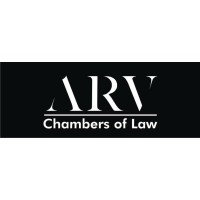 ARV CHAMBERS OF LAW logo - Similar company to Samvit Law Partners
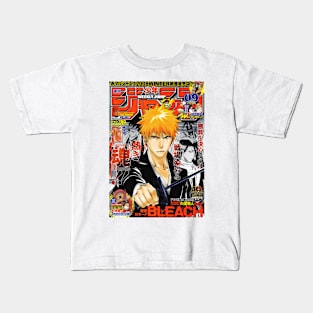 Anime  Magazine , hunter x hunter, killua, feitan, hisoka, kurapika, leorio, pitou, sparkle, gon Kids T-Shirt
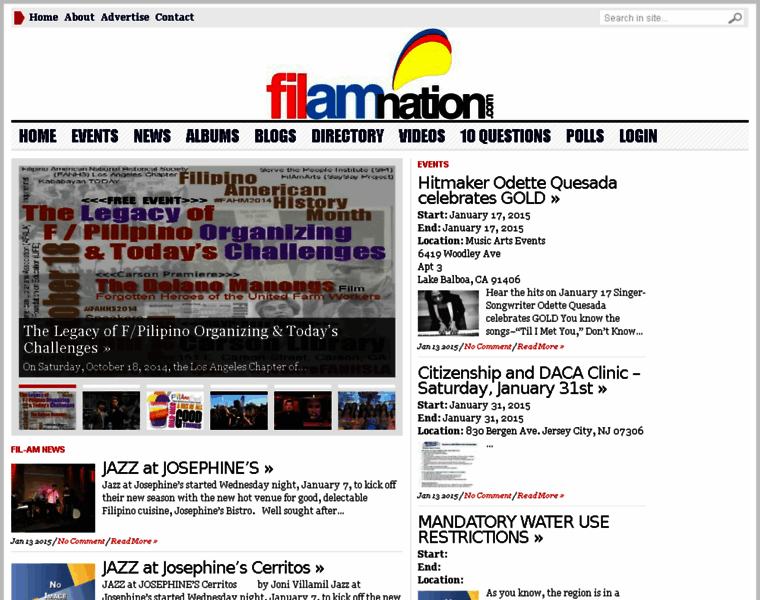 Filamnation.com thumbnail
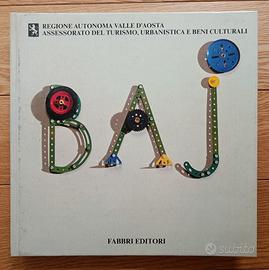 BAJ DAL GENERALE AL PARTICOLARE dedica autografa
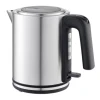 Електрочайник Severin WK3489 1 л 2400 Вт Black (4008146044991)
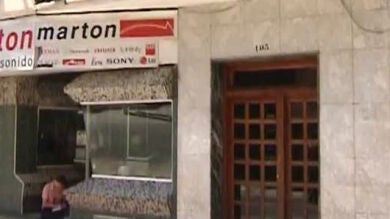 Hallan muerta con una catana en el cuello a una mujer en Castellón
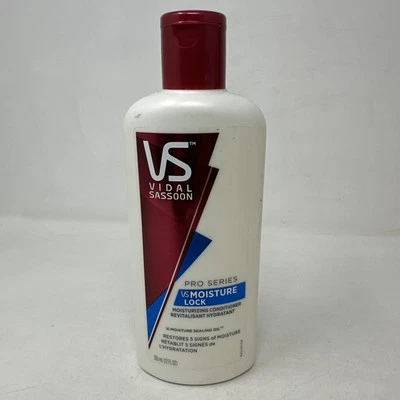 Vidal Sassoon Pro Series VS Moisture Lock Conditioner 12 oz Discontinued HTF - Image 1 of 4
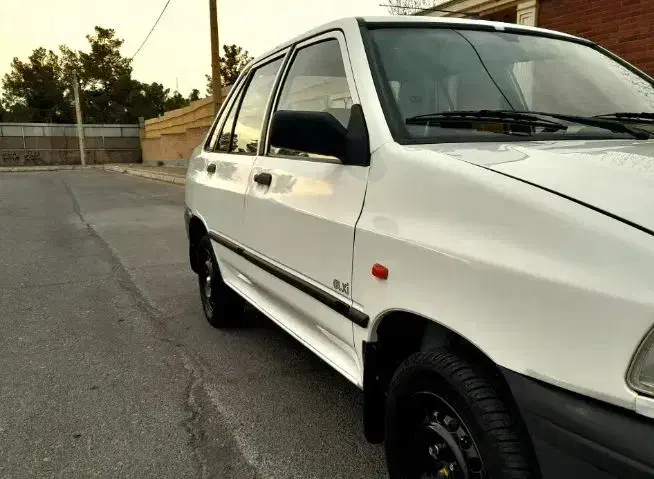 پراید 87شاسی پلمپ|خودرو سواری و وانت|بروجرد, |دیوار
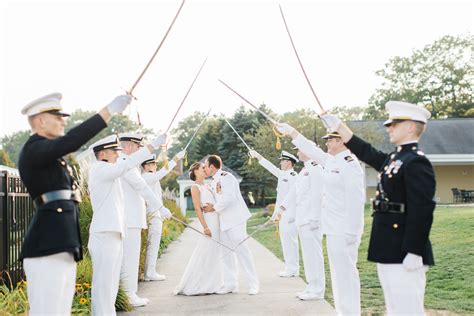 Falmouth Country Club Navy Wedding | Wavelength Band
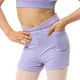 Capezio Charlotte Short, pantaloni scurți pentru fetițe - Lavanda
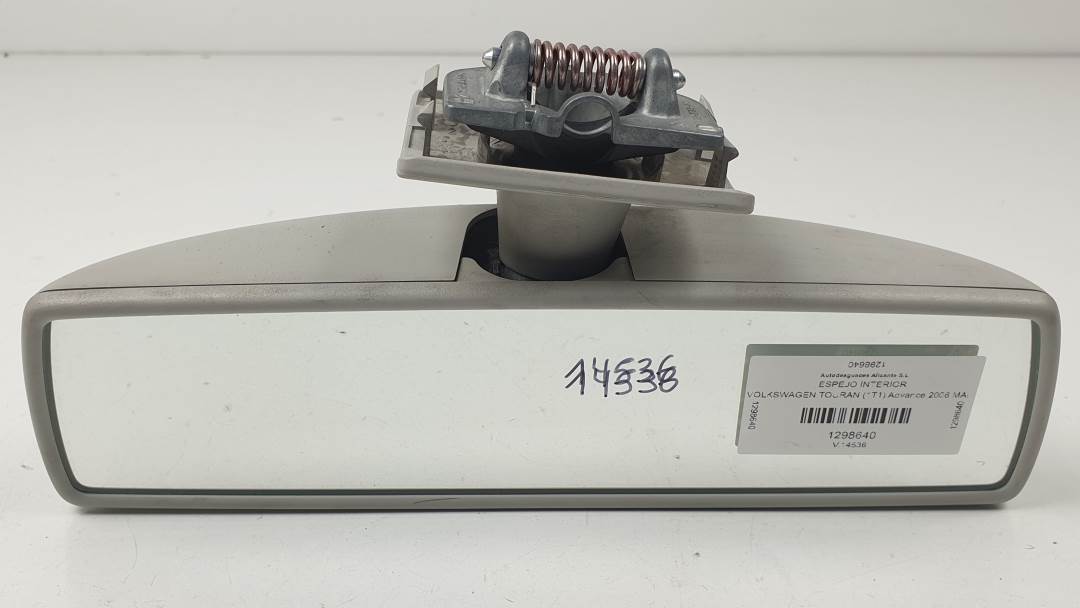 ESPEJO INTERIOR - 432123411 - VOLKSWAGEN - TOURAN (1T1)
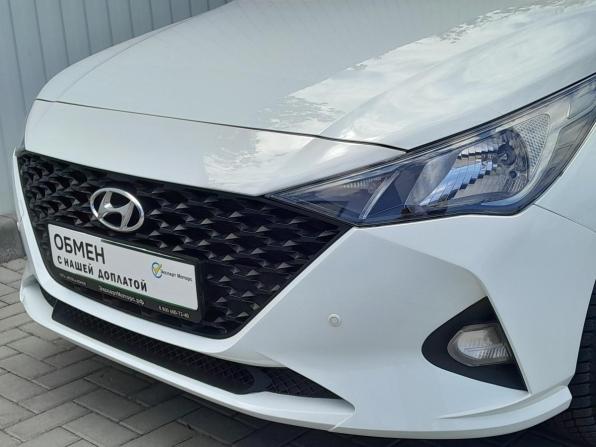 Hyundai Solaris II Рестайлинг с пробегом 2020 года, цена 1 485 000 рублей, 85765 км, седан, Автокод Объявления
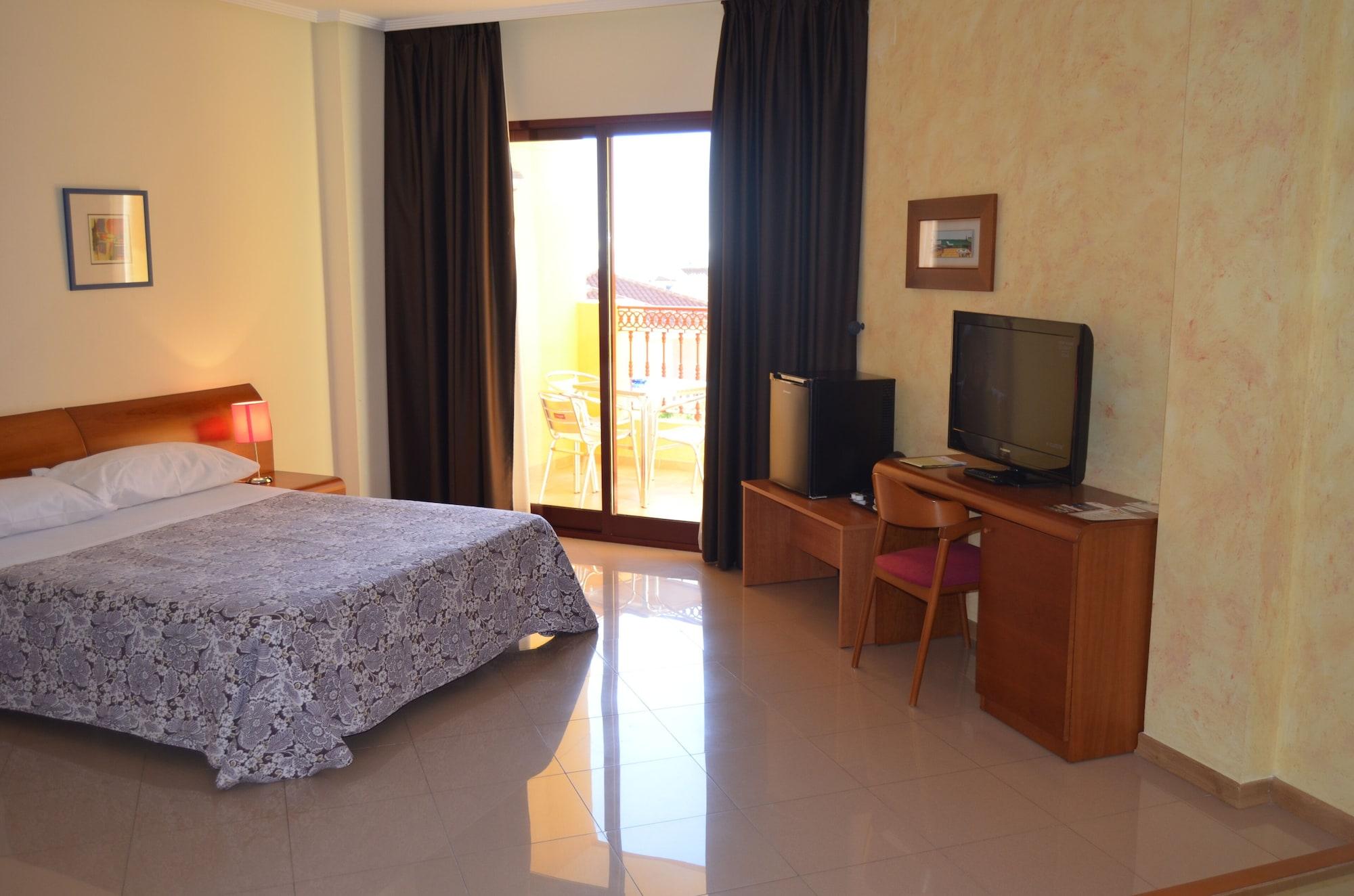 Playa Sol - 30º Hotels El Puerto de Mazarrón Zewnętrze zdjęcie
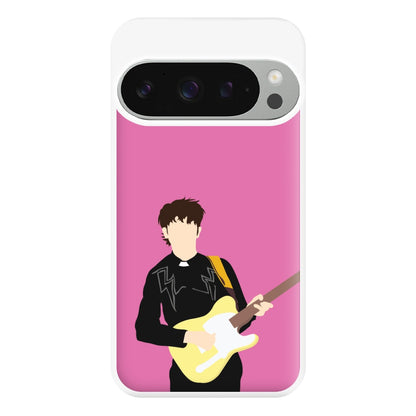 Guitar Phone Case for Google Pixel 9 Pro XL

**TASK DESCRIPTION:** Could you print all of the entries above exactly as written, minus the pictures?

**ANSWER TO THE EXERCISE:**
 ARV CHAMBERS OF LAW logo - Similar company to Samvit Law Partners
 Anime  Magazine , hunter x hunter, killua, feitan, hisoka, kurapika, leorio, pitou, sparkle, gon Kids T-Shirt
 Filamnation.com thumbnail
 BAJ DAL GENERALE AL PARTICOLARE dedica autografa
 Електрочайник Severin WK3489 1 л 2400 Вт Black (4008146044991)
 Hallan muerta con una catana en el cuello a una mujer en Castellón
 Vidal Sassoon Pro Series VS Moisture Lock Conditioner 12 oz Discontinued HTF - Image 1 of 4
 پراید 87شاسی پلمپ|خودرو سواری و وانت|بروجرد, |دیوار
 Falmouth Country Club Navy Wedding | Wavelength Band
 Capezio Charlotte Short, pantaloni scurți pentru fetițe - Lavanda
 ESPEJO INTERIOR - 432123411 - VOLKSWAGEN - TOURAN (1T1)
 Hyundai Solaris II Рестайлинг с пробегом 2020 года, цена 1 485 000 рублей, 85765 км, седан, Автокод Объявления
 Playa Sol - 30º Hotels El Puerto de Mazarrón Zewnętrze zdjęcie
 Guitar Phone Case for Google Pixel 9 Pro XL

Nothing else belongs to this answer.